Sur les demandes accessoires :
Monsieur [J] [F] [V] et Madame [X] [Z] [H] supporteront in solidum les entiers dépens et seront condamnés solidairement à payer une somme de 700 euros au syndicat des copropriétaires au titre de l’article 700 du Code de procédure civile.

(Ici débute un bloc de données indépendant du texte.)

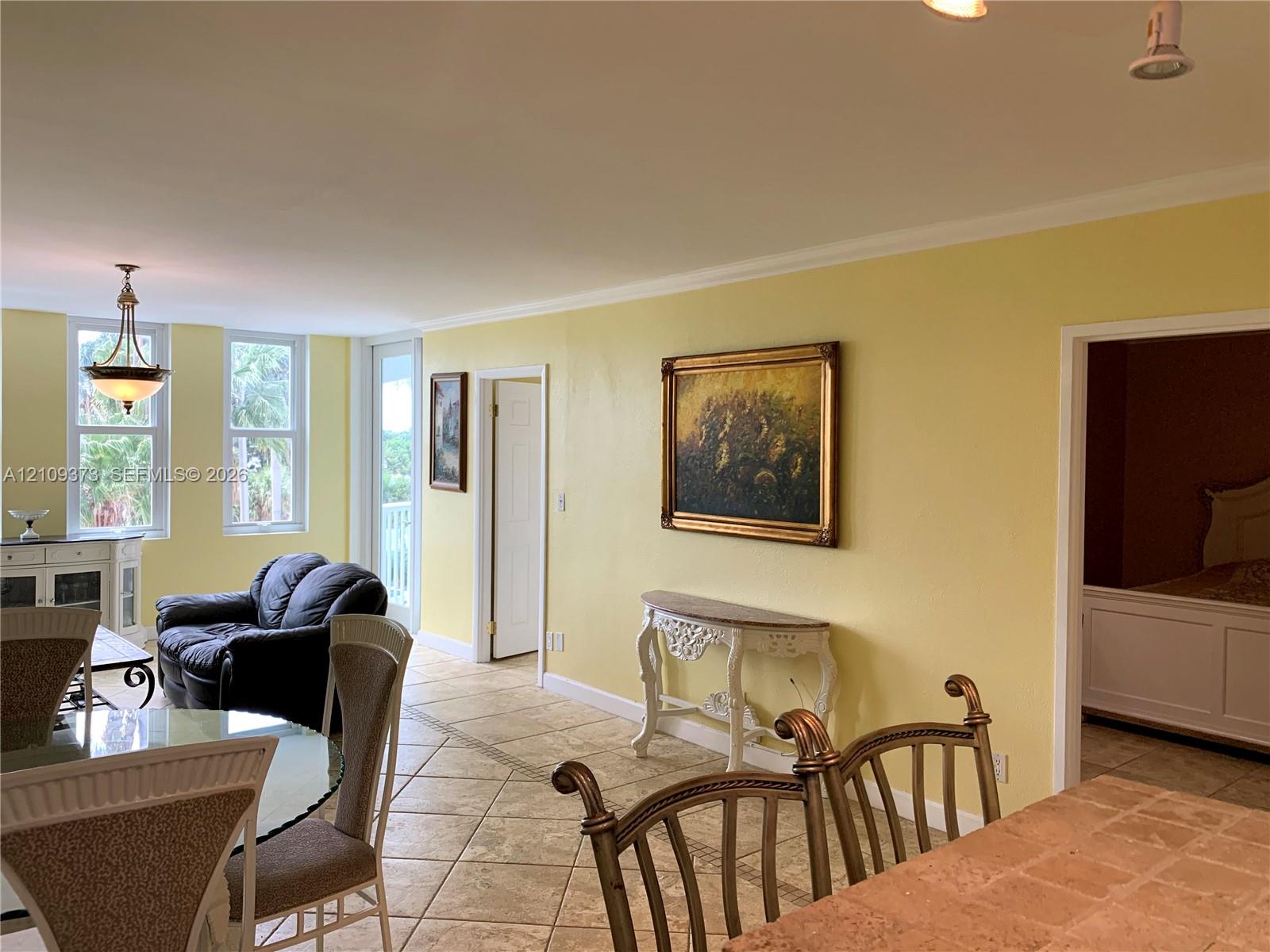 Open living space featuring tile flooring, multi-pane windows, a hanging pendant light fixture, and crown molding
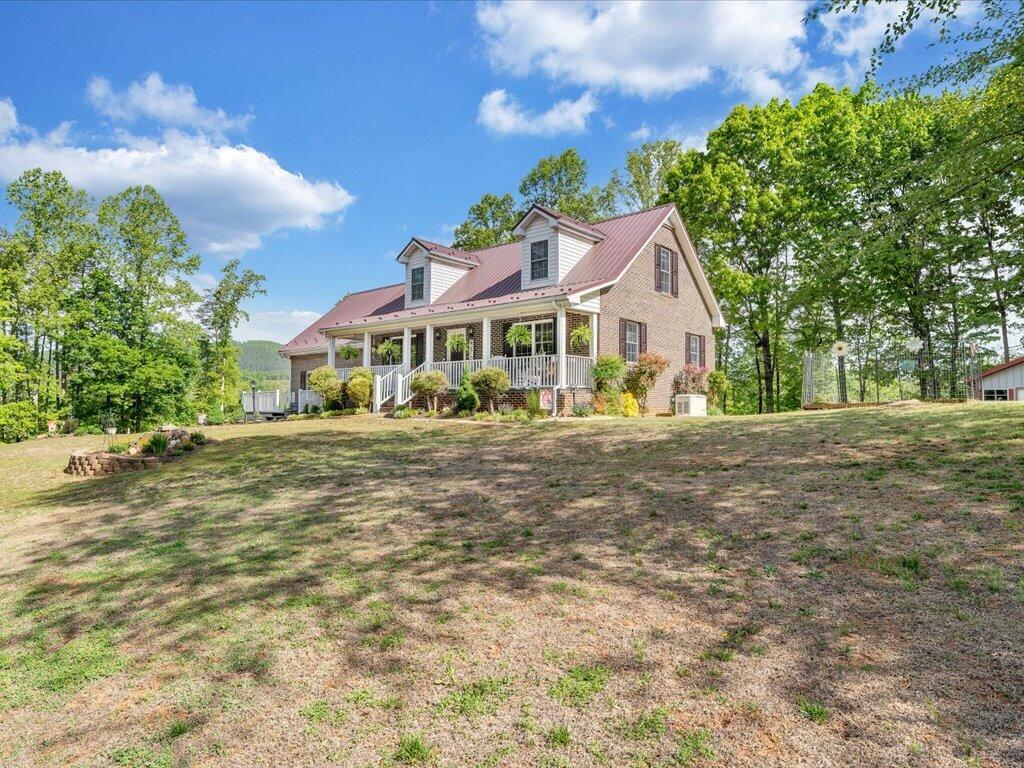 3475 Blue Knob Road Martinsville, VA 24112 - Photo 60 of 80 a front view of a house with a yard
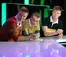 Three young men in rugby shirts lean over counter on stage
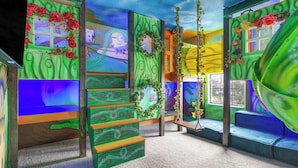 A room with a colorful mural, a swing, and a window with a view. - Sleeps 16! 8bdr Kid Haven w/ Pool & Arcade Orlando Resort Retreat by Avantstay (Davenport)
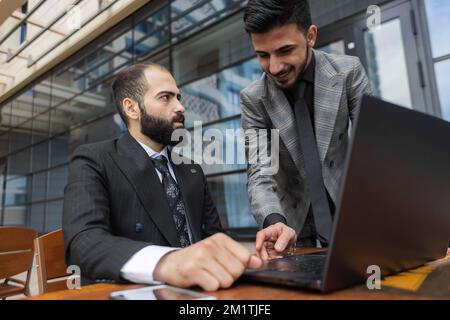 Geschäftsleute treffen sich im Freien. Zwei Männer benutzen einen Laptop. Arbeitspause. Team- und Business-Support. Zusammenarbeit und Partnerschaft Stockfoto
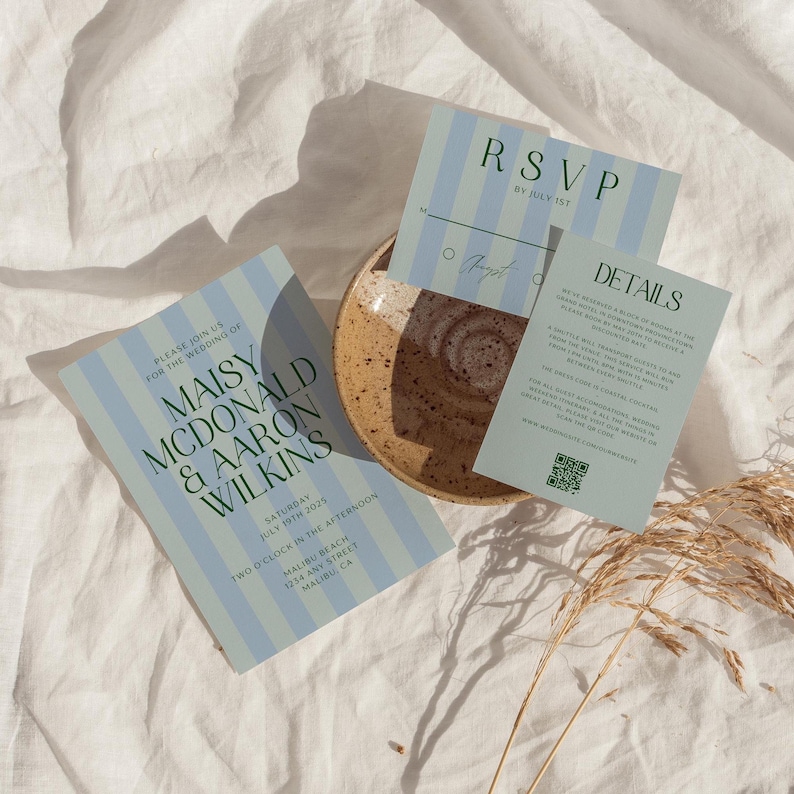 A wedding stationary set, including an invitation, details card, and rsvp card. The design features a two-toned striped background, in soft blues and greens. The fonts look modern and sleek. The vibe is playful, whimsical and beachy.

La présente décision est de plein droit exécutoire à titre provisoire en application des dispositions des articles 514 et 514-1 du Code de procédure civile.
PAR CES MOTIFS,
Le tribunal, statuant après débats en audience publique, par jugement contradictoire et en premier ressort, prononcé par mise à disposition au greffe,
CONDAMNE solidairement Monsieur [J] [F] [V] et Madame [X] [Z] [H] à payer au syndicat des copropriétaires de la [Adresse 3], représenté par son syndic, la société TOQUET IMMOBILIER, la somme de 6837,26 euros au titre des charges de copropriété impayées et des frais de recouvrement, somme arrêtée au 12 novembre 2024, avec intérêts au taux légal à compter de la mise en demeure du 25 juillet 2023 ;
CONDAMNE solidairement Monsieur [J] [F] [V] et Madame [X] [Z] [H] à payer au syndicat des copropriétaires de la [Adresse 3], représenté par son syndic, la société TOQUET IMMOBILIER, la somme de 558,19 euros au titre des intérêts légaux échus du 25 juillet 2023 jusqu’au 28 août 2024 ;
ACCORDE à Monsieur [J] [F] [V] et Madame [X] [Z] [H] la faculté d’apurer la dette en 23 mensualités de 250 euros minimum et une dernière mensualité correspondant au solde de la somme due, par des versement devant intervenir au plus tard le 15 de chaque mois, et pour la première fois dans le mois suivant la signification de la présente décision ;
DIT qu’à défaut pour Monsieur [J] [F] [V] et Madame [X] [Z] [H] de respecter les modalités de ces délais de paiement, ou à défaut de paiement des provisions courantes, l’échelonnement sera caduc et la totalité de la somme restant due redeviendra immédiatement exigible ;
CONDAMNE solidairement Monsieur [J] [F] [V] et Madame [X] [Z] [H] à payer au syndicat des copropriétaires de la [Adresse 3], représenté par son syndic, la société TOQUET IMMOBILIER, la somme de 300 euros à titre de dommages et intérêts ;
CONDAMNE solidairement Monsieur [J] [F] [V] et Madame [X] [Z] [H] à payer au syndicat des copropriétaires de la [Adresse 3], représenté par son syndic, la société TOQUET IMMOBILIER, la somme de 700 euros au titre de l’article 700 du Code de procédure civile ;
DEBOUTE le syndicat des copropriétaires de la [Adresse 3], représenté par son syndic, la société TOQUET IMMOBILIER, du surplus de ses demandes ;
CONDAMNE in solidum Monsieur [J] [F] [V] et Madame [X] [Z] [H] au paiement des entiers dépens ;
CONSTATE l’exécution provisoire de plein droit la présente décision.
Ainsi jugé et prononcé par mise à disposition les jour, mois et an susdits par la Juge des contentieux de la protection et la Greffière susnommées.